Remember that time Michael Ruhlman did the BLT From Scratch Challenge? While the winners ran off with limitless internet foodie fame, the rest of us made off with tips and tricks for making bacon in our own kitchen with some combination of pork belly, sodium nitrite and ingenuity.
Bacon recipes and breakfasts in general are always asking you for maple syrup this, maple syrup that, but if you were somehow unaware let me tell you a secret: maple syrup is damn expensive. On the other hand, stooping to buy the imitation stuff makes you spend the weekend self-loathing and wondering where your foodie cred went. I offer a compromise:
Let's make our own imitation maple syrup. DIY factory food. Top-notch ingredients for your personal artificial product.

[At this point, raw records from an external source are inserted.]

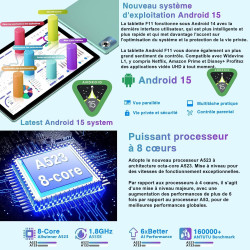 fezawio 2026 Dernier 10 Pouces Tablette Android 15 avec 5G Wi-FI 6,20 GO RAM+128 GO ROM (1To TF),Octa-Core Tablette Tactile PC,G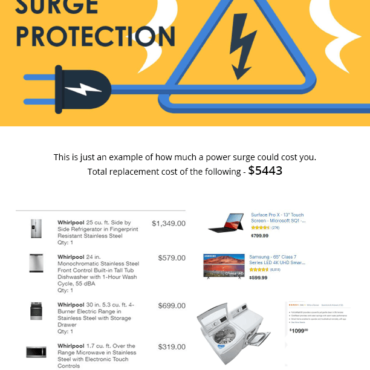 Power Surge Damage | Kitchener ON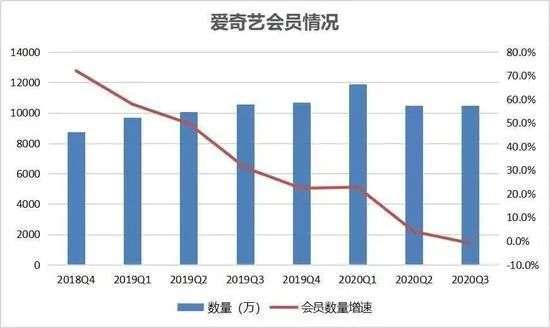 复盘长视频2020：会员滞涨、分账、亏损和综合视频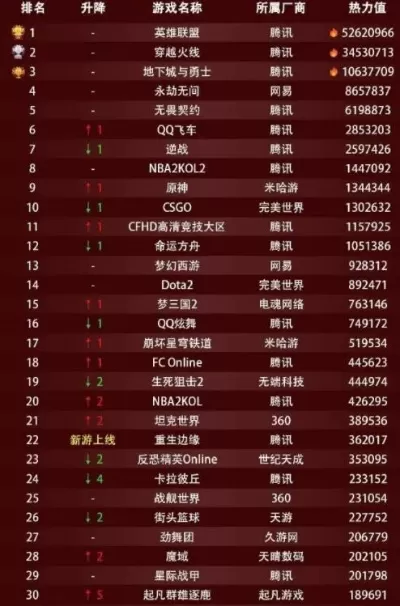 腾讯游戏当前热度排行榜-腾讯游戏热度排行
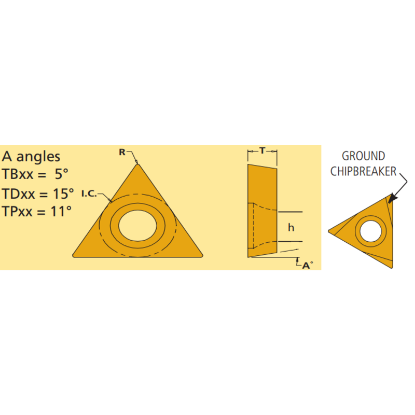 Picture of EVEREDE Tool TDAC-07L TL120 Positive Triangle Insert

There are a lot of recipes out there for artificial maple syrup, but they all use maple syrup extract, which is just plain cheating. We might as well go tap a nearby Brooklyn tree and call it a day if we want real maple. Instead, we're going to turn to Science.
Remember back when there were mysterious waves of maple syrup odors floating over NYC? When they eventually figured it out, it was a New Jersey fragrance plant processing fenugreek seeds. Fenugreek seeds have high amounts of an aroma compound called sotolon which, naturally, smells just like maple syrup. Through some sort of technical wizardry they use it to flavor imitation maple syrup. Let's take our meagre technical know-how and see if we can wrangle up a do-it-yourself version.
FUN FACT: Fenugreek can increase the milk supply of lactating women, so it isn't uncommon to find breastfeeding women popping them down. A great side effect is that their skin starts to smell like maple syrup. I promise you this is a totally true.
So anyway, here's where our experiment comes in.
Ingredients
4 tablespoons fenugreek, divided
1 cup vodka
1 cup water
4 tiny mason jars
Aroma chemicals are generally soluble in alcohols and fats, and sometimes if you're super lucky water (FACT: liquid smoke is just smoke and water). We're going to divide up the fenugreek between water and vodka and see how well they both do at absorbing the flavor. Ordinarily we'd just go with vodka, but seeing as how maple syrup isn't exactly an alcoholic thing we thought we'd give water a shot.
We're also going to try toasting the fenugreek to see if it does anything to the aroma that it releases. It works when you're cooking with it, so why not with this?
Directions (see the slideshow)
Divide the fenugreek into 2 equal parts. Toast one for 3-4 minute, until a bit darker in color.
Grind your fenugreek a bit. It's super hard and weirdly stonelike, so you don't have to do too good of a job.
Divide the fenugreek and liquids between the jars (H2O+untoasted, H2O+toasted, vodka+untoasted, vodka+toasted) and start counting the days!
This is going to take a while, but don't quote me on how long. Generally spices only take 2 or 3 days to give up the goods to alcohol but we might as well wait for Monday to roll around to see how it works out. Watch out bacon-infused Old Fashioned, if this works out we're going straight for breakfast shots.